QBE Insurance Group Ltd (ASX: QBE) released its full-year results to the market for the period ending 31 December 2018, reporting a cash profit after tax of US $715 million compared to a loss of $1.25 billion in the prior year.
QBE is an international insurance company, with operations mainly in Australia, America, Europe and the Asia Pacific region.
Key Results
QBE reported (all figures are USD unless stated otherwise):
- Gross written premium up 3% to $13.66 billion
- Adjusted combined operating ratio of 95.7% (prior year 103.9%)
- Additional claims ratio (excluding Crop and LMI) improved to 50.2% (prior year 53.1%)
- Adjusted commission and expense ratio broadly stable at 31.6% (prior year 31.8%)
- Net investment yield of 2.2% (prior year 3.1%)
- Debt to equity ratio reduced to 38% (prior year 40.8%)
- Cash profit after tax of $715 million (prior year loss of $262 million)
- Net profit after tax (NPAT) of $390 million (prior year loss of $1,249 million)
- Final dividend of AUD 28cps franked at 60% (prior year 4cps franked at 30%), bringing the total dividends for the year to 50cps (prior year 26cps).
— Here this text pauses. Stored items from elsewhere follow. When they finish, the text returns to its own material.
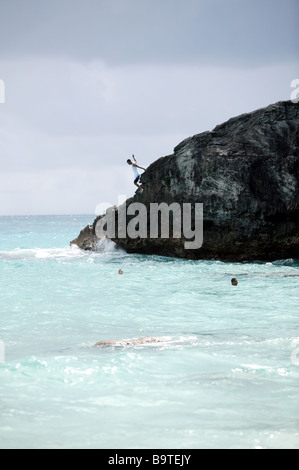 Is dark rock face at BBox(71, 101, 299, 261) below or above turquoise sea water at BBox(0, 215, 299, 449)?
above

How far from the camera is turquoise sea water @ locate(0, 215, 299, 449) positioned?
4059 mm

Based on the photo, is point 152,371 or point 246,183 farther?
point 246,183

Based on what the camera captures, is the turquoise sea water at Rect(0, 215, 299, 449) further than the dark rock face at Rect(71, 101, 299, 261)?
No

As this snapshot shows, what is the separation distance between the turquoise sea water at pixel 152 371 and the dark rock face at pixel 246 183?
6.11 metres

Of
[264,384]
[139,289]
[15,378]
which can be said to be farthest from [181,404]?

These key results include various assumptions and should be reviewed diligently to see what they exclude.
Management Commentary
CEO Pat Regan said, “the actions we have taken to simplify the Group, implement a rigorous performance management framework and upgrade core capabilities in pricing, risk selection and claims management delivered meaningful improvement in the underlying quality of our business and our financial performance in 2018”.
Future Outlook
The company reported they expected a combined operating ratio of 94.5-96.5% in FY19 with a net investment return of 3% to 3.5%.
Rask Perspective
While it was a nice recovery from last year’s loss due to hurricanes and wildfires in the US, lumpy earnings are the inherent nature of an insurance company like QBE. The key is being able to raise premiums in disaster periods like last year and maintain them, along with disciplined underwriting.
While the company reported it raised premiums an average of 5% on a continuing operations basis in 2018, I feel QBE is not as disciplined as other insurance providers at underwriting. Therefore, QBE is not a stock I will be looking to add to my portfolio.